**Problem to work on:**
Word for word, copy the entire listing below, but do not carry over any pictures.

**Material provided:**
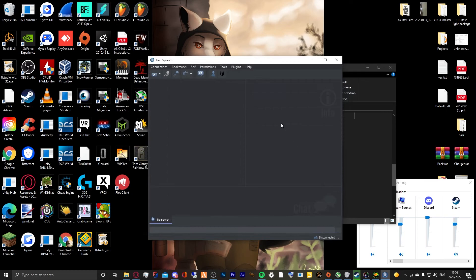That's how you install the mic clicks that I have installed. I hope you guys have a good day.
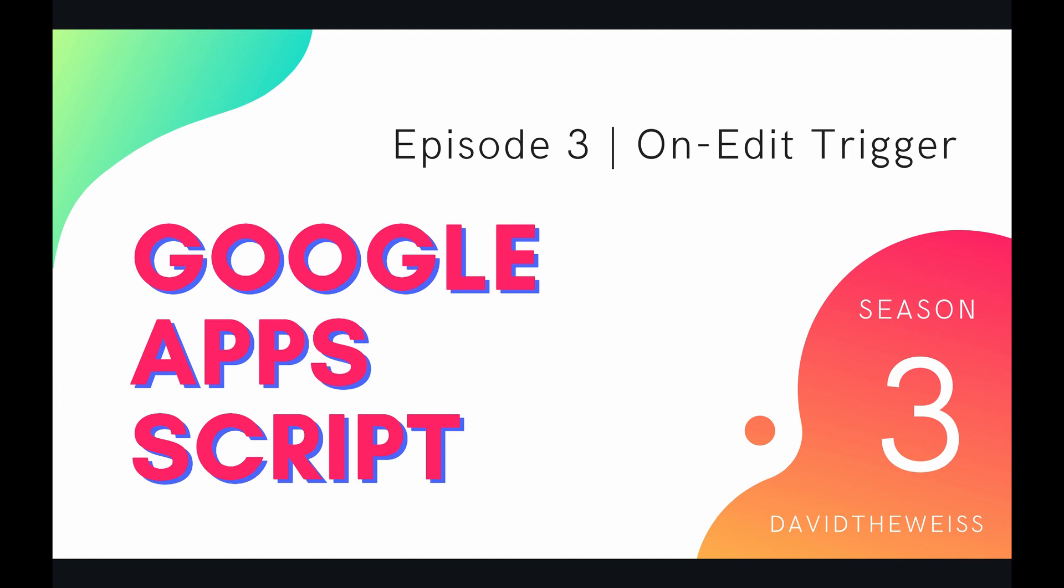Hey coders and welcome to episode 3 of our script service playlist on the Google Apps Script course. In this video we're going to be talking about the onEdit trigger.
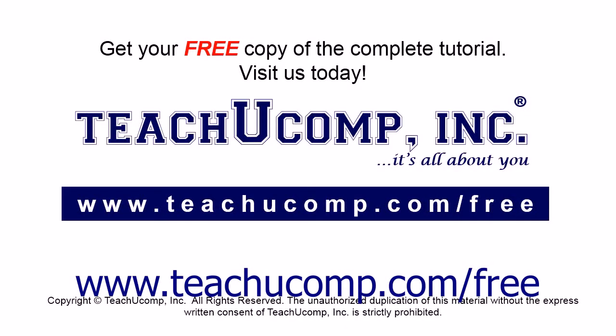Get your free copy of the complete tutorial at www.teachucomp.com/free.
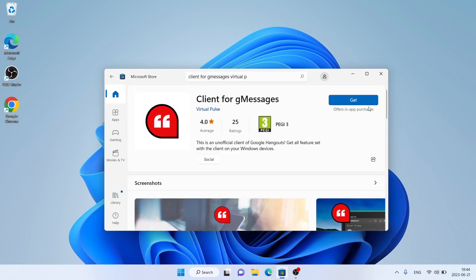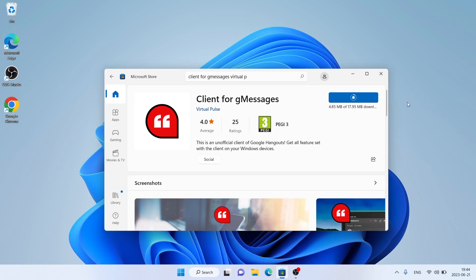Open it, click it. It's downloading. Downloading finished and installation complete.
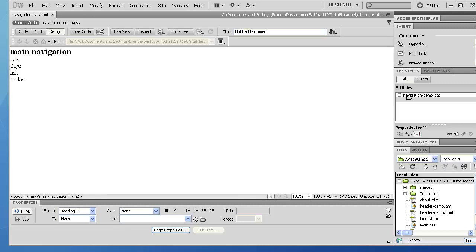This video will show you how to take a list and turn it into a navigation bar set up horizontally. There are more detailed instructions in the assigned reading, which I believe is in lecture 5 — look through the different lectures for something about making a navigation bar from a list in the styling with CSS book. I'll do a quick rundown here, and more details on how to get things to behave well are in the book.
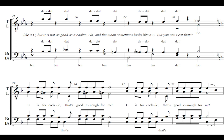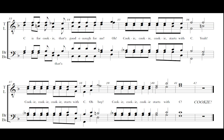So, C is for cookie, that's good enough for me. C is for cookie, that's good enough for me. C is for cookie, that's good enough for me. Oh, cookie, cookie, cookie starts with C. Yeah, cookie, cookie, cookie starts with C. Oh boy, cookie, cookie, cookie starts with C.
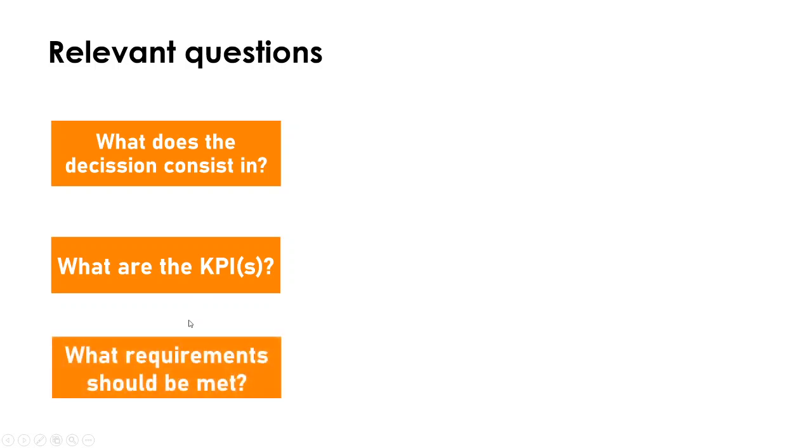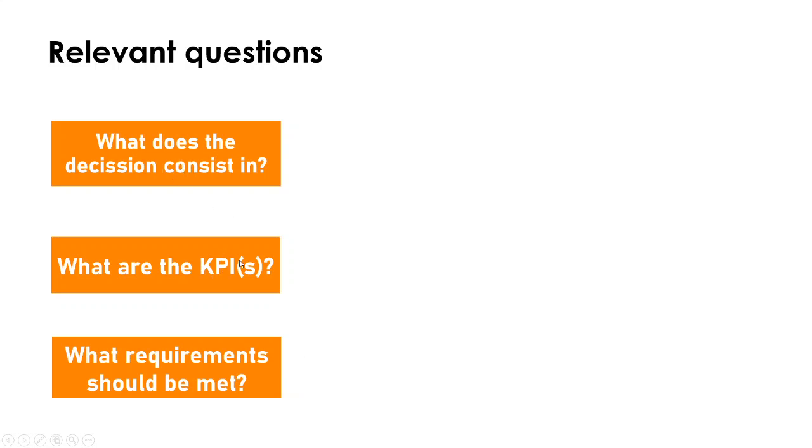Third, we need to know what requirements should be met. Any decision is made within a context where there are physical constraints, commercial constraints, all kinds of limitations that constrain what we can do. We want to state those clearly so that when we make a decision to improve a KPI, we do not violate anything that we cannot actually violate in our system. Otherwise, we won't be able to implement what comes out of that model and it will be useless.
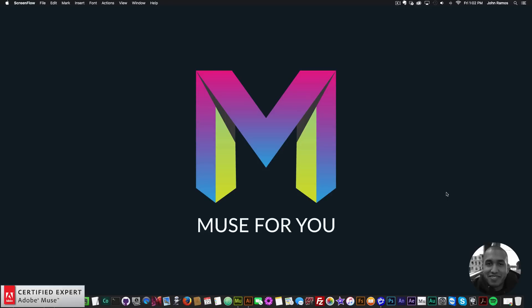Hey what's up Musers, this is John at Muse4U here to help you build awesome websites without code. Yesterday I kind of jumped the gun a little bit.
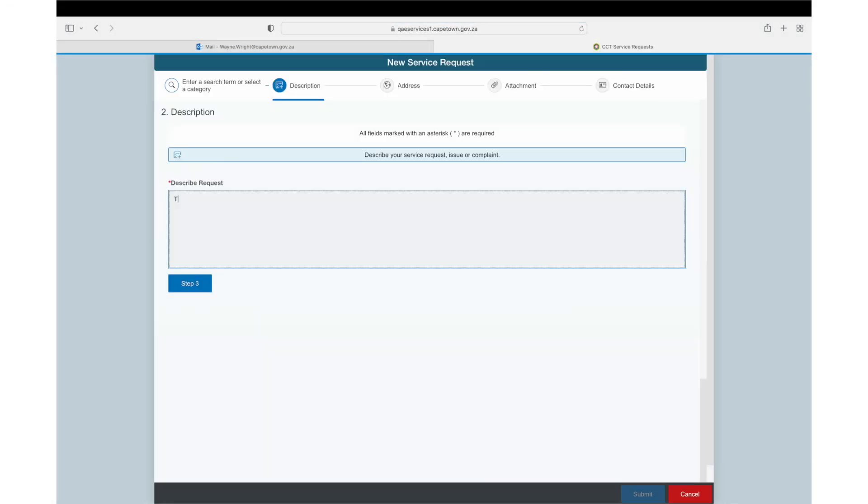I enter my description. There is a burst pipe at the Civic Centre in Cape Town and move to Step 3.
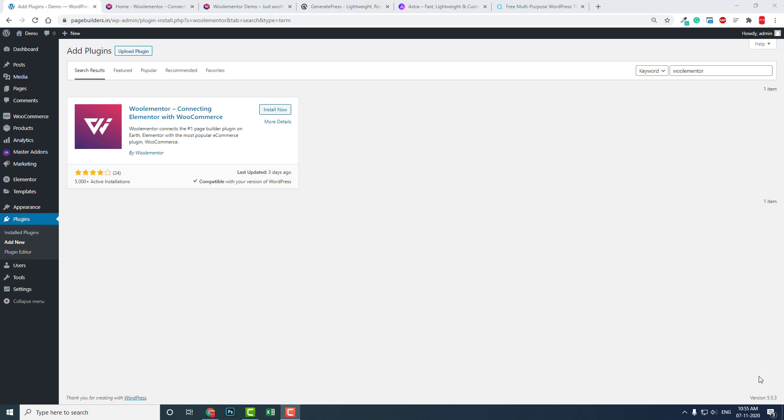Hello everyone, this is Peter Salam from Pace Media. In this video I want to talk about designing a WooCommerce website with Elementor, considering saving time and money and without making your WordPress website bloated with lots of plugins.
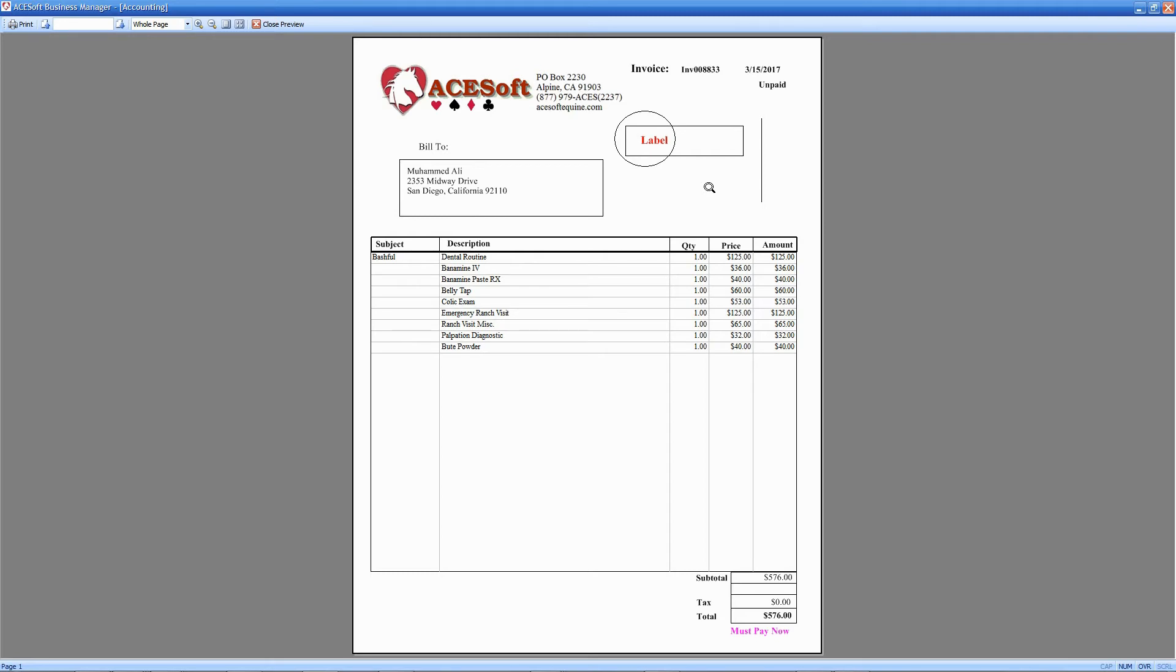But you can see here these other items that we have added, and you can see here where the invoice number is populated, the status, and the date, etc.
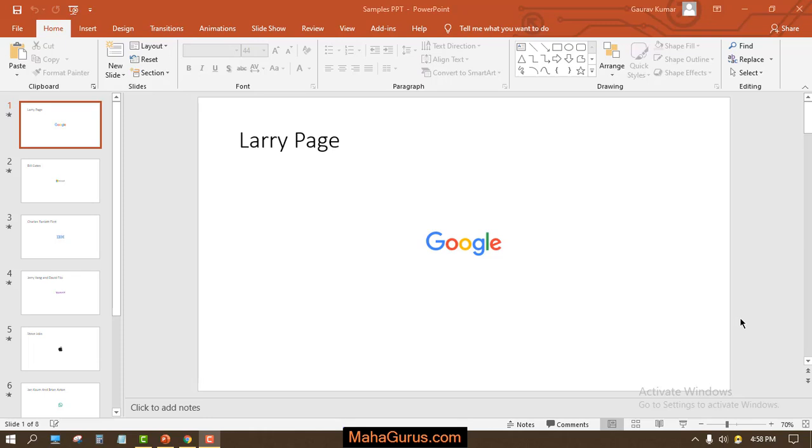Hi guys, welcome back to my YouTube channel. In this tutorial we're going to learn how we can bend text in Microsoft PowerPoint. To bend text, first we have to have a text box.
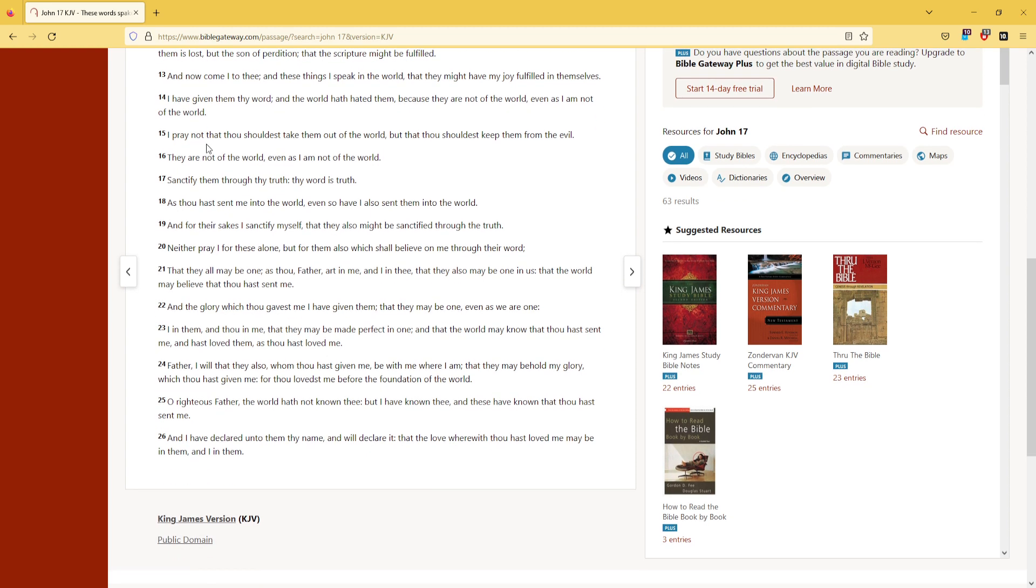I pray not that thou shouldst take them out of the world, but that thou shouldst keep them from the evil. They are not of the world, even as I am not of the world. Sanctify them through thy truth. Thy word is truth.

**The completed task:**
That's how you install the mic clicks that I have installed. I hope you guys have a good day.
Hey coders and welcome to episode 3 of our script service playlist on the Google Apps Script course. In this video we're going to be talking about the onEdit trigger.
Get your free copy of the complete tutorial at www.teachucomp.com/free.
Open it, click it. It's downloading. Downloading finished and installation complete.
This video will show you how to take a list and turn it into a navigation bar set up horizontally. There are more detailed instructions in the assigned reading, which I believe is in lecture 5 — look through the different lectures for something about making a navigation bar from a list in the styling with CSS book. I'll do a quick rundown here, and more details on how to get things to behave well are in the book.
So, C is for cookie, that's good enough for me. C is for cookie, that's good enough for me. C is for cookie, that's good enough for me. Oh, cookie, cookie, cookie starts with C. Yeah, cookie, cookie, cookie starts with C. Oh boy, cookie, cookie, cookie starts with C.
Third, we need to know what requirements should be met. Any decision is made within a context where there are physical constraints, commercial constraints, all kinds of limitations that constrain what we can do. We want to state those clearly so that when we make a decision to improve a KPI, we do not violate anything that we cannot actually violate in our system. Otherwise, we won't be able to implement what comes out of that model and it will be useless.
Hey what's up Musers, this is John at Muse4U here to help you build awesome websites without code. Yesterday I kind of jumped the gun a little bit.
I enter my description. There is a burst pipe at the Civic Centre in Cape Town and move to Step 3.
Hello everyone, this is Peter Salam from Pace Media. In this video I want to talk about designing a WooCommerce website with Elementor, considering saving time and money and without making your WordPress website bloated with lots of plugins.
But you can see here these other items that we have added, and you can see here where the invoice number is populated, the status, and the date, etc.
Hi guys, welcome back to my YouTube channel. In this tutorial we're going to learn how we can bend text in Microsoft PowerPoint. To bend text, first we have to have a text box.
I pray not that thou shouldst take them out of the world, but that thou shouldst keep them from the evil. They are not of the world, even as I am not of the world. Sanctify them through thy truth. Thy word is truth.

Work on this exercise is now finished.